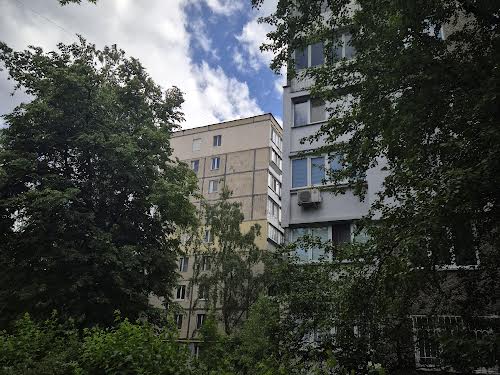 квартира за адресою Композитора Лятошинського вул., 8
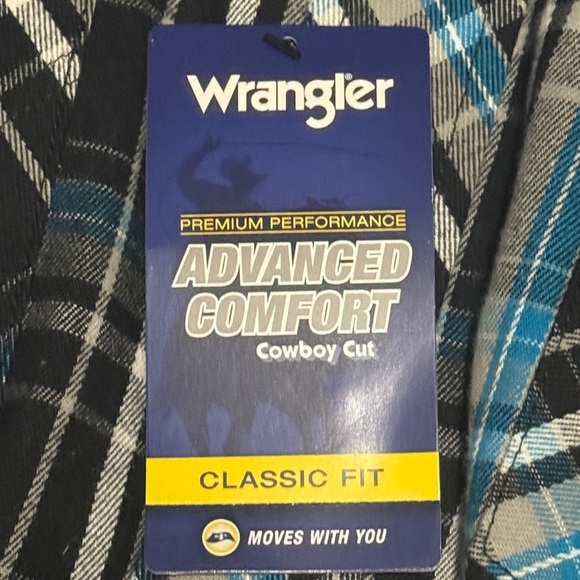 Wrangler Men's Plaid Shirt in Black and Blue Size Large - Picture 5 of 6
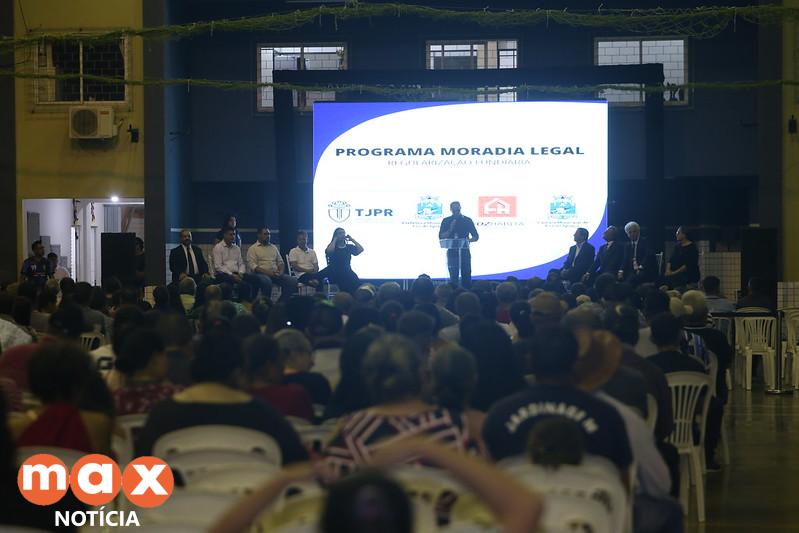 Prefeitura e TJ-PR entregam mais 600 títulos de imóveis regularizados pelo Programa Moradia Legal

---

# DIRECTIONS
All of the material above needs to be restated exactly, with no pictures.

# OUTPUT FOR THIS EXERCISE
 квартира за адресою Композитора Лятошинського вул., 8
 Wrangler Men's Plaid Shirt in Black and Blue Size Large - Picture 5 of 6
 Prefeitura e TJ-PR entregam mais 600 títulos de imóveis regularizados pelo Programa Moradia Legal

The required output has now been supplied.